Poverty is one of the deep social challenges around the world and is a major focus in the global development agenda. This article discusses the role of clustering methods in analyzing and understanding poverty issues. We use data from Statistics Indonesia (BPS) on 34 provinces in Indonesia to classify groups of people who are vulnerable to poverty. Clustering analysis helps us identify characteristics that may be overlooked by conventional approaches, which in turn enables the development of more targeted and effective solutions to poverty. We use the K-Means method in our analysis and present it within the framework of the CRISP-DM methodology. The results show that almost 95% of the poor in Indonesia belong to the 'Poor' group. Therefore, we recommend effective actions based on indicators that are the main factors of poverty, as well as designing specific policies for regions with similar characteristics. This article aims to contribute to the global effort to end poverty and achieve the vision of equitable and inclusive sustainable development.
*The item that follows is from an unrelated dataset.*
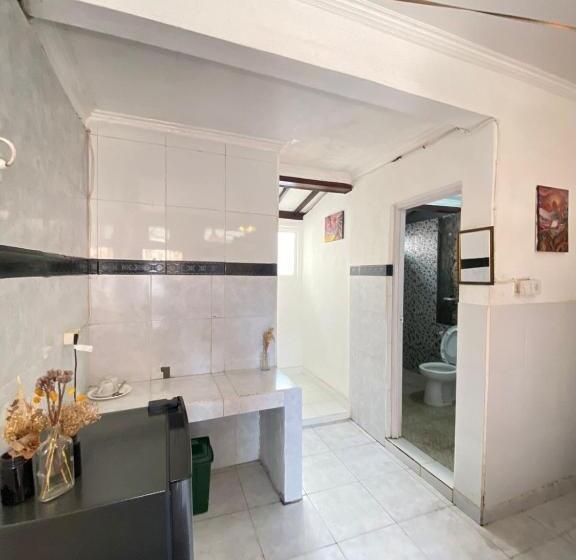 Habitació Deluxe, Kris Kos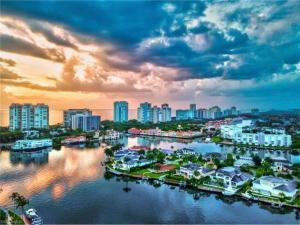 a view of a city with a harbor and buildings at Naples Dream at WTC with Heated Pool SPA Sauna 7 bicycles and 3 mls to beach in Naples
使用 K-Means 算法对印度尼西亚的贫困水平进行聚类
贫困是全世界深层次的社会挑战之一,也是全球发展议程的主要焦点。本文讨论了聚类方法在分析和理解贫困问题中的作用。我们利用印度尼西亚统计局(BPS)关于印度尼西亚 34 个省的数据,对易陷入贫困的人群进行分类。聚类分析可以帮助我们识别传统方法可能忽略的特征,进而制定出更有针对性、更有效的贫困解决方案。我们在分析中使用了 K-Means 方法,并在 CRISP-DM 方法的框架内进行了介绍。结果显示,印度尼西亚近 95% 的贫困人口属于 "贫困 "群体。因此,我们建议根据贫困的主要因素指标采取有效行动,并为具有类似特征的地区设计具体政策。本文旨在为全球消除贫困和实现公平、包容的可持续发展愿景做出贡献。
本文章由计算机程序翻译,如有差异,请以英文原文为准。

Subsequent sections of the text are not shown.